При этом новый РТЩ должен стать «комплексным катером» обеспечения базы, в том числе с возможностью решения задач ППДО и ПВО, для чего корабль оснащается модулем оружия с крупнокалиберным пулеметом «Корд» и управляемыми ракетами.
На дворе уже 2022 год, но все это справедливо и сейчас.
Проект 12700 из «противоминного молотка» ВМФ превращен в «золотое полено», которое с удовольствием пилится заинтересованными лицами, без каких-либо попыток устранения острых недостатков проекта в серии, начиная с элементарного и критически необходимого: проблемы с взрывостойкостью.
Данные вопросы были довольно хорошо проработаны на старых советских проектах, это массово реализовано (и проверяется в ходе специальных испытаний «шок триалз» с фактическими подрывами), но сделать так для «новейшего» проекта 12700 у нас просто боятся, ибо соответствующие должностные лица заведомо и прекрасно понимают их катастрофические последствия.
На фото на врезке внизу тральщик ВМС Нигерии Barama (проект итальянский) проходит испытания на устойчивость к воздействию от взрыва в феврале 1987 года. Ничего подобного лоббисты проекта 12700 показать не в состоянии. И это именно сознательный страх последствий таких (объективных) испытаний у нас!
Более подробно проблемы проекта 12700 и наших тральщиков рассматривались на страницах «Военного обозрения» в 2019 году:
«Что не так с нашими тральщиками»?«Что не так с «новейшим» ПМК проекта 12700»?При этом противоминная угроза есть, и вполне реальная.
У нас как-то очень быстро забыли уроки минной войны в Никарагуа (где ЦРУ для этого вообще завело «частную команду» с «частным заводиком» и самодельными минами), Красного моря (минирование судоходных путей в середине 80-х гг. «неизвестно кем») и ряда других.
Главная проблема – в нежелании (и, видимо, неспособности) ВМФ объективно видеть реальные угрозы и готовиться к ним должным образом.
О каком эффективном ПМО в дальней зоне (например, в районе того же Порт-Судана) может быть речь, если у нас де-факто просто отсутствует сколько-нибудь эффективное обеспечение наших морских стратегических сил (МСЯС). На десять стратегических подводных ракетоносцев (в составе Северного и Тихоокеанского флотов) мы имеем
один относительно современный (хоть и с устаревшей концепцией) ПМК с
единственным противоминным подводным аппаратом (причем «до первой мины с «умным» взрывателем»).

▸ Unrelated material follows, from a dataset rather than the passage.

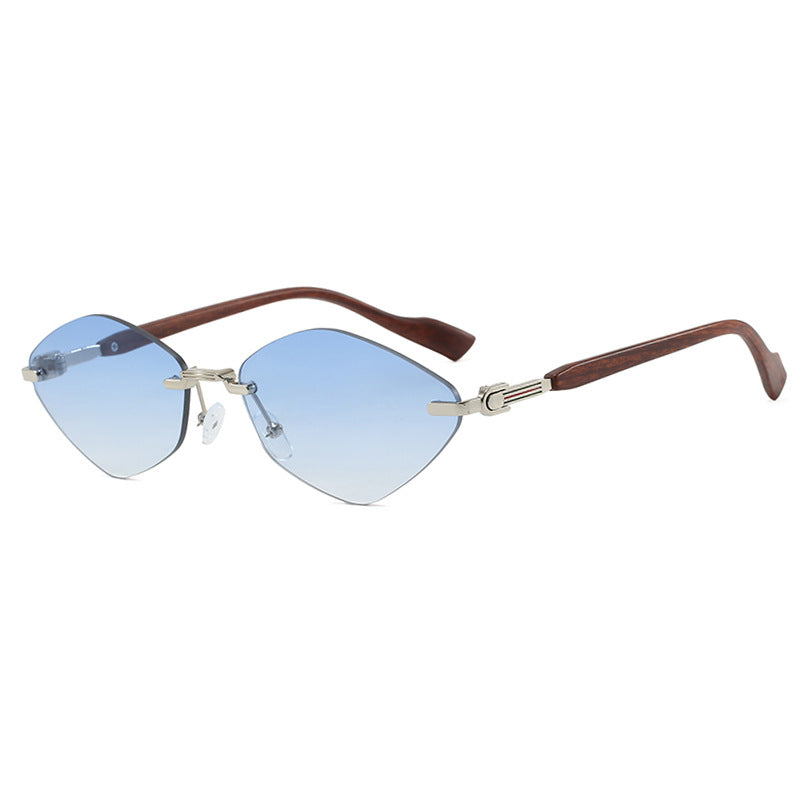 Dame geometrisk solbrille med luksuriøse trearmer og polariserte glass Skanto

В этих условиях заморские базы (повторю – крайне полезные при адекватной военно-технической политике) становятся фактором чрезвычайно опасного политического и военного риска.
С тем, что мы сегодня имеем в ВМФ РФ, Порт-Судан реально может стать и Порт-Артуром (разумеется, в меньшем масштабе и современном виде).